Several of McCarthy's fellow House GOP conference members are taking actions to prepare for such a probe.
Rep. James Comer (R-Ky.), the likely chairman of the House Oversight Committee, is preparing notifications to parties to preserve evidence. Rep. Andrew Clyde (R-Ga.), a key member of the House Homeland Security Committee, has drafted legislation to explicitly outlaw federal involvement in any Big Tech censorship activities.
And Rep. Marjorie Taylor Greene (R-Ga.), one of the conservatives targeted for censorship in 2020, is consulting with a lawyer about possibly suing federal and private officials involved in the effort.
McCarthy was one of the earliest members of Congress to warn that a new generation of liberals was trying to wage an unprecedented censorship campaign through allies in government and Big Tech, weaponizing the term "disinformation" to silence rivals and critics.
His warnings — often on social posts that included the hashtag #StoptheBias — date back to 2018 and long predated the rising tide of voices in Washington now concerned about the issue.
"Another day, another example of conservatives being censored on social media," he tweeted in 2018 in demanding then-Twitter CEO Jack Dorsey "explain to Congress what is going on."
For a while, some of the more conservative members of his conference harbored mistrust of McCarthy on the issue, based on secretly recorded comments made by the GOP leader.

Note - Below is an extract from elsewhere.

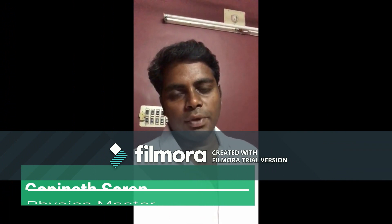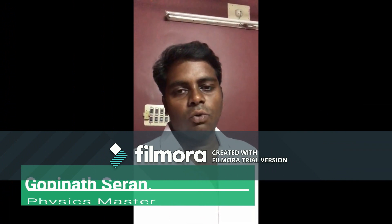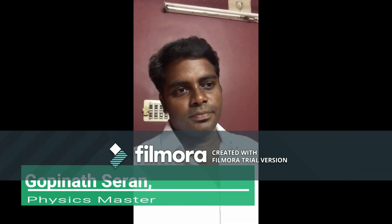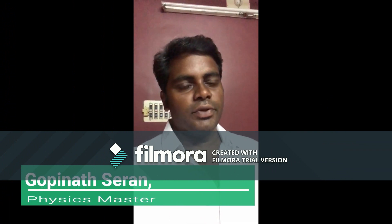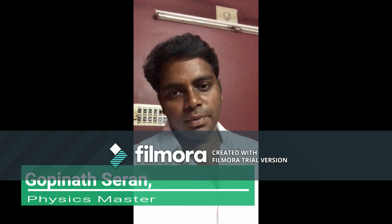Hi, I am Kopi Na. I am a physics teacher. I am going to talk about this video.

But McCarthy has since rallied House Republicans behind a common platform to fight censorship, starting with a 2021 framework for legislation that included oversight, accountability and anti-trust actions.
"I have more faith in elected state leaders than in the unelected federal bureaucracy, which is as ideologically homogeneous as Big Tech," McCarthy said last year.

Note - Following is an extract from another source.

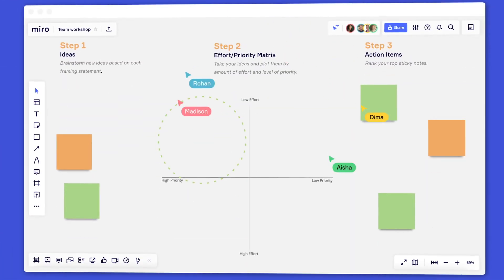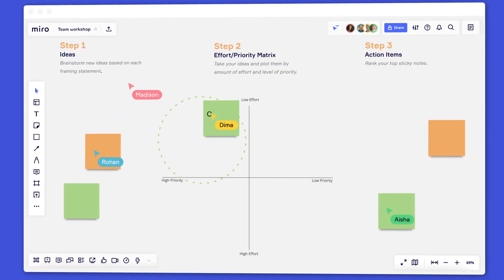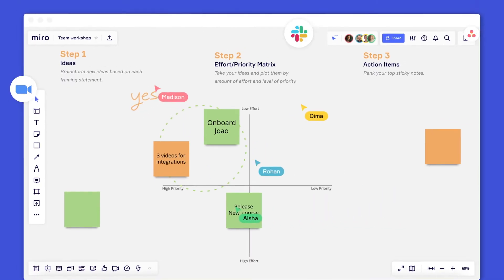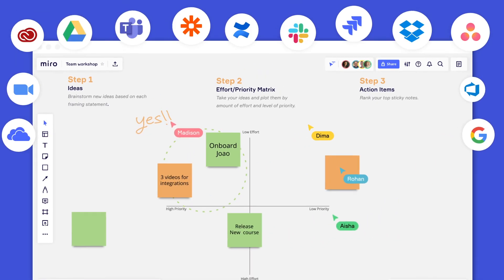The online, collaborative, whiteboard platform.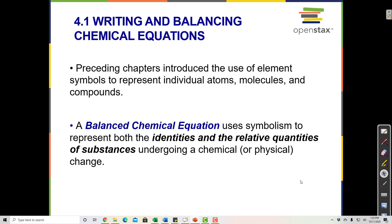Writing and balancing chemical equations. In earlier chapters, we've looked at elements, atoms, molecules, and compounds, and we've looked at their physical properties, how to name them, and how to interpret chemical formulas. But we haven't looked much at chemical changes or chemical reactions. The way that we represent a chemical reaction is with a chemical equation, which uses chemical formulas to tell us how compounds have changed. A balanced chemical equation uses symbolism to represent both the identities and the quantities of substances undergoing a chemical change.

That framework was expanded in the Commitment to America, the detailed policy agenda McCarthy and other Republicans released last month.
Mike Benz, the founder of the nonprofit Foundation for Freedom Online and a former Trump administration State Department official who worked on censorship issues, said federal agencies involved in setting up the outsourced censorship project in 2020 came up with a paradigm to censor everyday Americans who objected to government narratives or actions.
"If you undermine them on social media, by articulating your grievances, you are, in effect committing a cyber attack on critical infrastructure," Benz told the John Solomon Reports podcast on Wednesday. "Now, the cute trick this fuels is that no American can air grievances now, without a pretext for censorship by the Department of Homeland Security."
Benz said the sophisticated apparatus built by liberals in the federal bureaucracy, the news media, Big Tech and the nonprofit world has many of the same attributes that communist China has used to control the free expression of its populace.
"They would talk about basically their envy of the China model, and how when there's populist movements and dissent groups within China, China has the advantage of being able to use its artificial intelligence and being able to use it," he said.
"Now I would say, you know, it's basically a bad knockoff of the Chinese model," he said of the American prototype built by DHS, State and its private partners.